■ **AIM OF THE EXERCISE**
Without copying any picture, transcribe exactly the lines of the data below from the one containing "Totême Light spring" through the one containing "Used 2013 Toyota".

[Dataset excerpts]
*****
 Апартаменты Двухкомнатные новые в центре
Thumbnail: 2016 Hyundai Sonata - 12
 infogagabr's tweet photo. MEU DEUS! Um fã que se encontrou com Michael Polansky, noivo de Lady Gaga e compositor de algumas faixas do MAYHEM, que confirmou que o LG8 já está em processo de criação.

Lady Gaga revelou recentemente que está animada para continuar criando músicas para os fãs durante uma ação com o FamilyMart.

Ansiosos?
*****
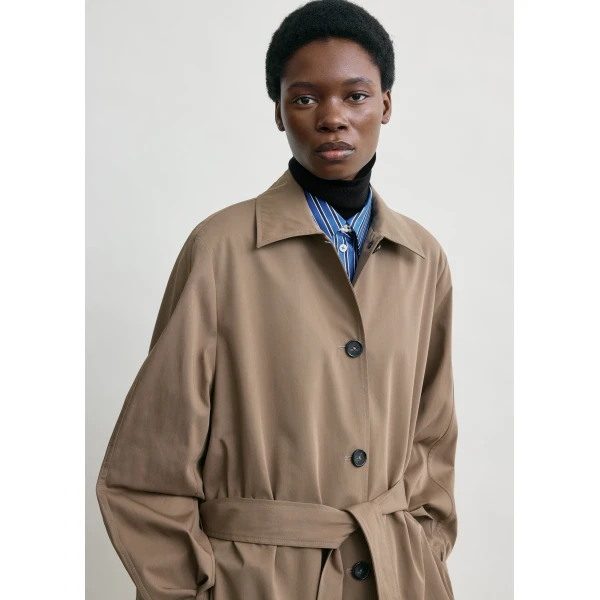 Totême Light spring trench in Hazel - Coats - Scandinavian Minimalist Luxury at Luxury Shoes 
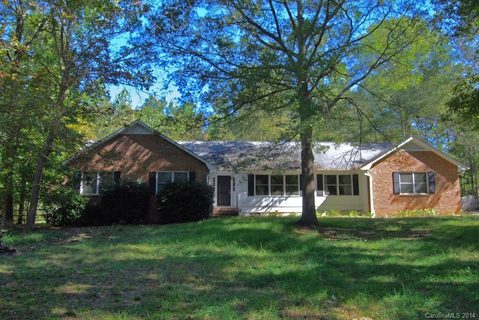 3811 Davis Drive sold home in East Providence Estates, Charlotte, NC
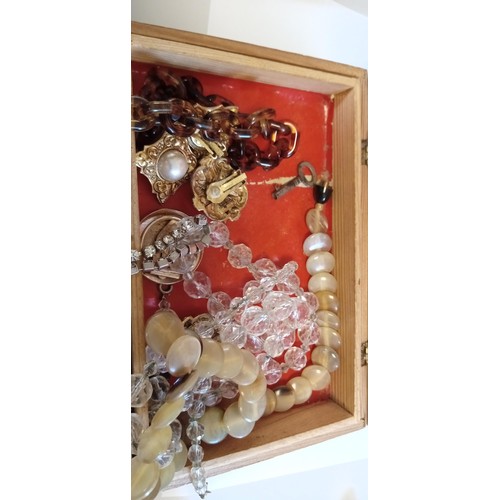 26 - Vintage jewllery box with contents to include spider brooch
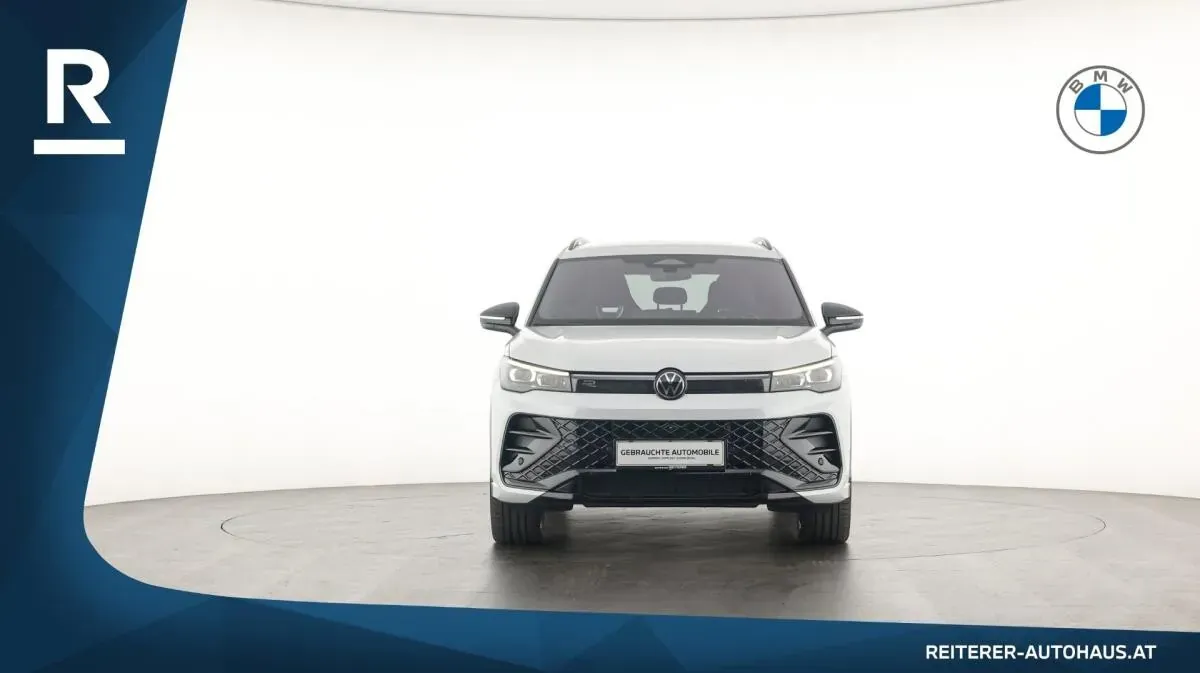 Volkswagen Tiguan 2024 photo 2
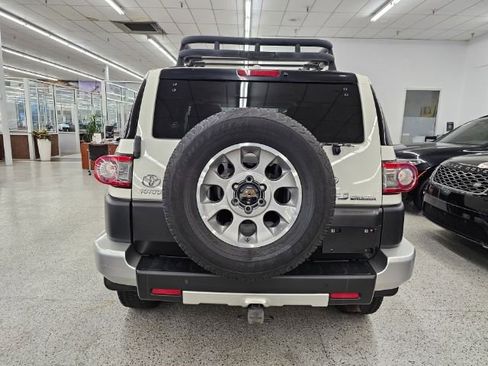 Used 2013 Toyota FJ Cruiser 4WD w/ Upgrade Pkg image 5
*****
■ **SOLUTION TO THE PROBLEM**
 Totême Light spring trench in Hazel - Coats - Scandinavian Minimalist Luxury at Luxury Shoes 
 3811 Davis Drive sold home in East Providence Estates, Charlotte, NC
 26 - Vintage jewllery box with contents to include spider brooch
 Volkswagen Tiguan 2024 photo 2
 Used 2013 Toyota FJ Cruiser 4WD w/ Upgrade Pkg image 5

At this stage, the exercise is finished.